A sleeper cell acting on orders from the Islamic State (IS) group carried out the massive bombings on a peace rally in Ankara this month to try to disrupt Turkey’s election, prosecutors said on Wednesday.
The Ankara prosecutor’s office said there was “strong evidence” that the cell was also behind other attacks in the country, including one on the border with Syria in July, and was planning more atrocities.
“The cell received permission from the terrorist group in Syria to attack all PPK (Kurdistan Workers’ Party) and anti-Daesh targets inside Turkey,” it said in a statement, using the Arabic acronym for the IS group.
The October 10 attack targeted a peace rally staged by pro-Kurdish activists and leftists, and was the worst ever on Turkish soil, killing 102 people and raising tensions ahead of this Sunday’s general election.
“Disrupting political stability by sabotaging the upcoming elections and complicating the formation of a government... that would emerge after the elections,” was one of the motives, the prosecutor’s statement said.
It said the sleeper cell was based in the southeastern province of Gaziantep which borders war-torn Syria.

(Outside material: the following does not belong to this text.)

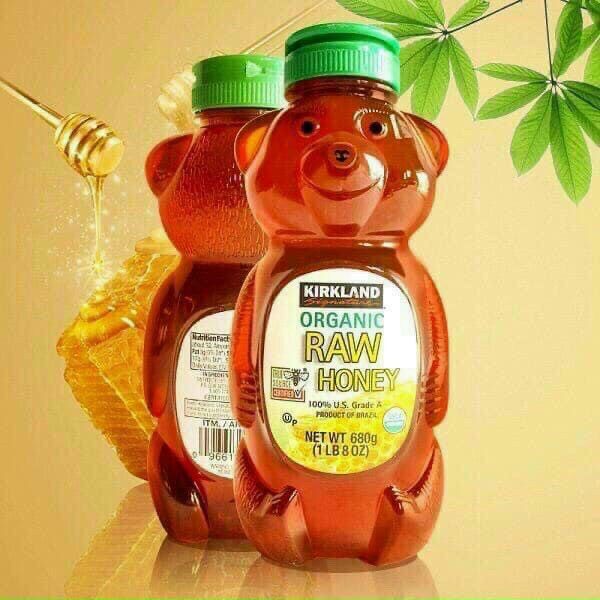 Mật ong hữu cơ Kirkland Organic HONEY BEARS chai 680gr của Brasil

Turkish officials had said previously the attack was carried out by two suicide bombers, including at least one Turk, and that the IS group was the number one suspect.
The prosecutors said information extracted from electronic devices had revealed “crucial information” about the organisation behind the carnage, including the flow of funds to cells in Turkey from bases in Syria.

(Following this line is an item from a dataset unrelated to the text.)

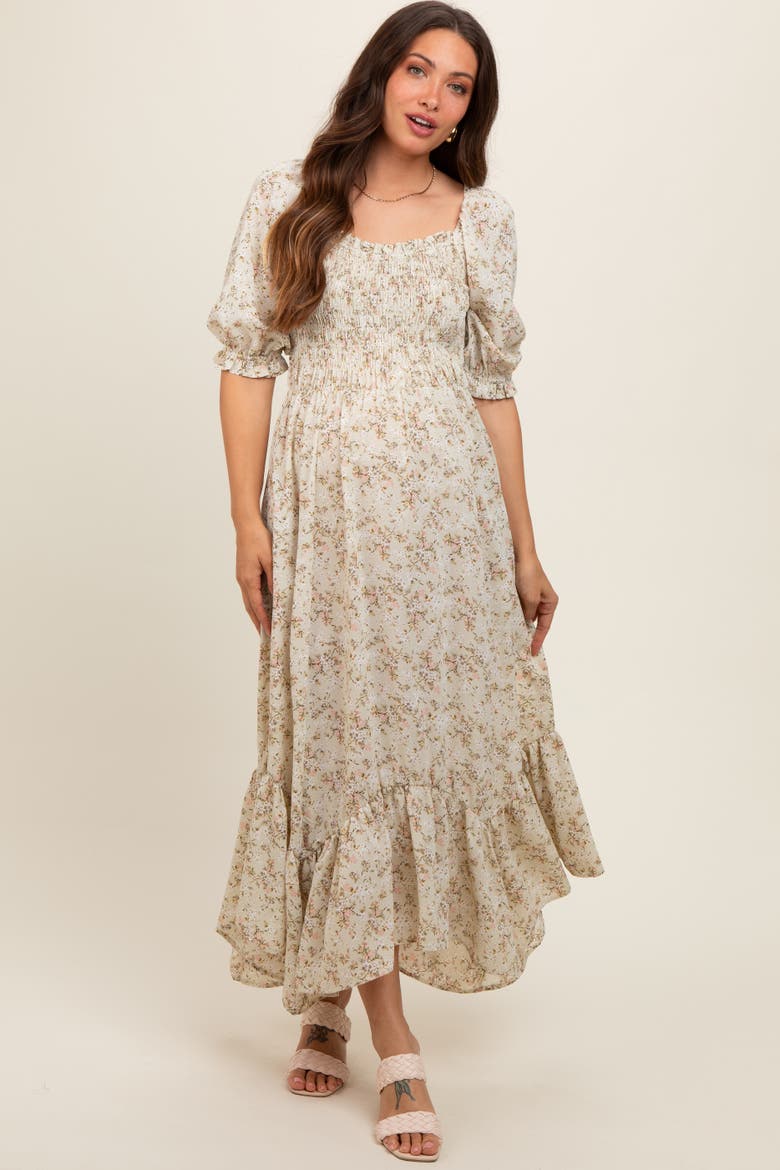 Smocked Handkerchief Hem Dress, Alternate, color, Light Olive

Police this week launched raids on suspected IS hideouts in several parts of the country, including an operation in the main Kurdish city of Diyarbakir which resulted in the death of two Turkish policemen and seven militants.
Media reports said security forces were searching for a cell allegedly plotting a major attack, such as hijacking a plane or a vessel or carrying out suicide attacks in a crowded location.
Pressure has piled on President Recep Tayyip Erdogan since the Ankara bombing, with opposition figures blaming him for security lapses and accusing him of failing to crack down on IS militants.
One of the Ankara bombers was officially identified last week as Yunus Emre Alagoz, brother of the man suspected of carrying out the attack in Suruc on the Syrian border in July, which left 34 people dead and which prosecutors said was also the work of IS.
The Suruc bombing, which also targeted pro-Kurdish peace activists, triggered a wave of tit-for-tat violence between Turkish security forces and PKK rebels that shattered a 2013 ceasefire.
Four people suspected of playing a role in the Ankara attacks have been detained.
Turkey has a complex strategy on the conflict in Syria, which has sent more than two million refugees fleeing across the border to take shelter in Turkish border camps and cities.
Ankara is vehemently opposed to President Bashar al-Assad and supports rebels fighting his regime, and has been accused by the west of not doing enough to tackle the IS group.
Following the Suruc attack, Turkey launched air strikes against IS targets, but also against PKK hideouts in Iraq and Syrian Kurdish fighters -- who are themselves fighting the jihadists.